The bears and the pessimists continue to warn of impending problems for the stock market. Included are some of the reasons for their bearish stock market outlook: persistent inflation, higher interest rates, do not fight the Fed, impending recession, inverted yield curve, valuations are high (PE ratios), lack of market breadth, low VIX index, another bubble is developing, short-covering rally, small-caps and transports are not participating, etc.

Many of the above reasons can lead to a bear market. The one that has many bears concerned is the bubble phenomenon. A true bubble will almost always need to be pricked to begin the process of deflating.

So, is this a bubble? And, if not, what does this mean?

The SPX Index has rallied 27% since the mid-October 2022 bottom. The Nasdaq 100 Index has done better, rallying over 45.6% during the same timeframe. Both rallies exceeded the 20% threshold, suggesting a bull rally.

History shows bubbles are rare occurrences. It must be an ideal scenario to create the bubble and a perfect situation to lead to the bubble bursting.

Also, no one rings the bell at the top of the market or at the bottom.

When a bear market ends, the biggest gains occur during the first year or so of a new bull market or the resumption of an existing structural bull.

Time will tell if the low on 10/13/22 at 3,491.58 is a market bottom.

If the October 2022 low is another mid-term election year bottom or a 4-year cycle low, it signals the start of the next bull rally.

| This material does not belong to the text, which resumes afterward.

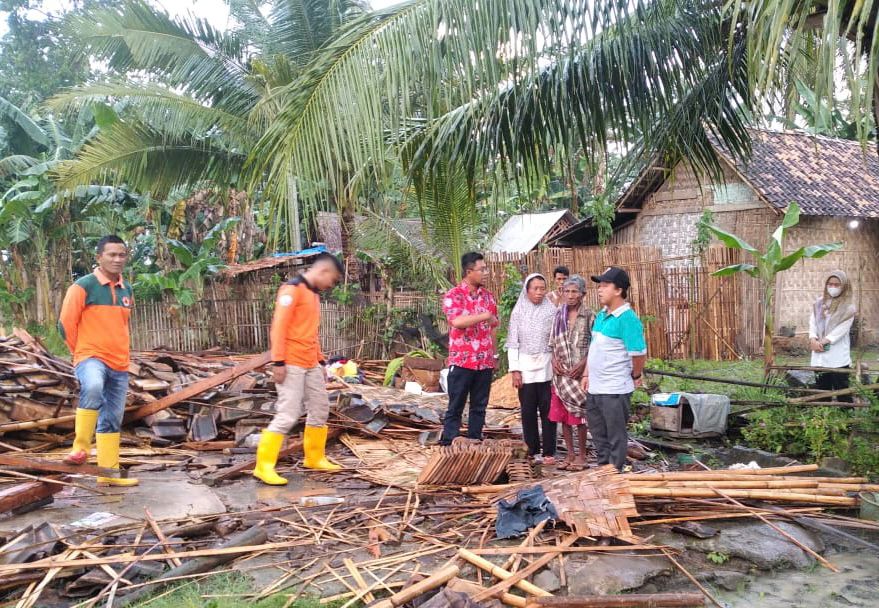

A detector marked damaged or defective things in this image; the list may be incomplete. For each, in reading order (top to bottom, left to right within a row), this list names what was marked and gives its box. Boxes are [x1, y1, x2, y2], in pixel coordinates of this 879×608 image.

Of greater significance, if October 2022 is a market bottom, the January to October 2022 bear decline may be another cyclical bear within an ongoing March 2013 structural bull.

Understanding history remains a crucial aspect of successful investing. At the very least, it will offer investors a better and more informed perspective of the future direction of stocks.

Enclosed is SPX monthly chart with the following updated technical commentaries:

(1) The primary and dominant longer-term trend remains the structural bull uptrend channel from 2008/2009.

(2) To reverse the structural bull trend requires a violation of the bottom of the channel at 3,749 (red dash line).

(3) A death cross-sell signal in November 2022 as the 10-mo ma crossed below the 30-mo ma confirmed the Jan-Oct 2022 cyclical bear decline. Will a golden cross buy signal, with the 10-mo ma (4,119.42) crossing above the 30-mo ma (4,198.84), confirm the resumption of the structural bull trend?

(4) Top of the uptrend channel, currently rising at 5,725 (green dash line), is long-term resistance. Is this the next SPX target?

(5) Intermediate-term resistance resides along the 10-mo/30-mo ma (4,119/4,199 and the middle of the structural uptrend channel (4,130 or blue dash line).

(6) The July 2020 V-pattern breakout (3,231) also offers long-term support.

(7) Both technical indicators (MACD and RSI) are improving. If both trends continue, it can lead to an SPX intermediate-term rally and possibly a longer-term rally.